19.19.1 What is Directory?
Definition:- Data structure tracking cache contents
- Distributed across system
- Stores information about which blocks are cached where
- Can be in memory or separate hardware
19.19.2 Purpose
Functionality:- Cache controllers check directory to find block locations
- Determines if other caches have copies of block
- Enables coherence without bus snooping
- Scalable to thousands of processors
19.19.3 Organization
Distributed Structure:- Directory can be distributed
- Each node has local directory
- Local directory tracks blocks from local memory address range
- Information about which caches have those blocks
- Blocks from other address ranges tracked in other directories
19.19.4 Operation
Access Process:- Cache controller accesses appropriate directory
- Local directory if accessing local address range
- Remote directory if accessing remote address range
- Directory provides information about block locations
- Can then send invalidations or updates as needed
19.19.5 Write Policy
- Typically use write-through policy
Key Takeaways
- Multiprocessors overcome single-processor performance limitations
- Shared memory provides communication mechanism between processors
- Cache coherence is essential for correct parallel program execution
- Bus snooping works well for small-scale systems (up to ~32 processors)

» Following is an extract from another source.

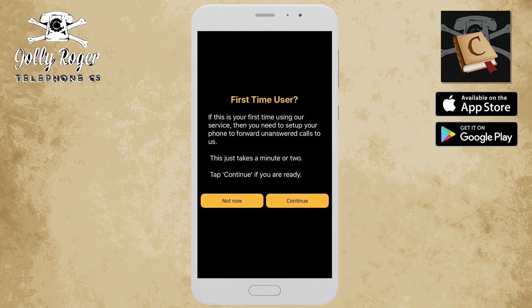Because you're a first-time user, you're going to get a little page telling you that you're a first-time user, and if you want help with the setup, then tap on the continue. If you don't want help with the setup and you want to do it yourself by dialing a certain phone number, or if you just want to do it later, you can touch the 'not now' and you won't get this screen again.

- MESI protocol is widely adopted for cache coherence
- UMA systems provide uniform access but limited scalability
- NUMA systems enable thousands of processors with non-uniform access
- Directory-based coherence enables scalable cache coherence
- Operating system plays crucial role in workload balancing and optimization
- Trade-offs exist between simplicity, performance, and scalability
Summary
Multiprocessor systems have become the standard in modern computing, from smartphones to supercomputers, enabling the parallel processing power required for contemporary applications while managing the complex interactions between multiple processors sharing memory resources.